My friend has an evaluation board for the SOM and, although HDMI works without the magic cable, it also has some small issues with the image, there are some minor interferences sometimes (a few pixels blinking, an occasional horizontal line).

What do you think of this? We don't have how to measure these signals, we have a 50MHz digital scope and that's it.
lamabrew:
Do you have more than one of these SOMs?  So far from the description it sounds like what is wonky is on the SOM and trying to swap those might give some more ideas.  It could be as simple as a bad solder joint somewhere on that board.

Maybe make a second 'inverse' adapter and stick it between some other HDMI things you have on hand.

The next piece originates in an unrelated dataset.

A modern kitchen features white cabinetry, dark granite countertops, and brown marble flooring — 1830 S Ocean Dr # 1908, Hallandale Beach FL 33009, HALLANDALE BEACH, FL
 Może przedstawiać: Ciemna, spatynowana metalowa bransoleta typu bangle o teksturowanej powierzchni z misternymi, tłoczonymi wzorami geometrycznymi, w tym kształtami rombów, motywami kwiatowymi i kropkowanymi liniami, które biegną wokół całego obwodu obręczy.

You don't mention what resolution(s) you've tried to see if changing the clock/datarate would make a difference.  At lower pixel counts HDMI doubles up the data so lowest resolution isn't the lowest clock rate (I've forgotten the details on where that cross over is).

Last thought is DDC (I2C) failure due to all sorts of funny issues with capacitance on the lines is possible (when the design itself isn't robust) but your finger test would seem to have ruled that out.    But at least that's something you can look at on your  scope.

Ultimately a scope with the high bandwidth differential probe is the only way to know you have the interface meeting the HDMI waveform requirements, even a  used setup for only basic 1080p HDMI speeds will run you US$ 30K plus so I feel your pain on the scope issue  (add in the required TDR and jitter tests and now it's 3x the scope cost).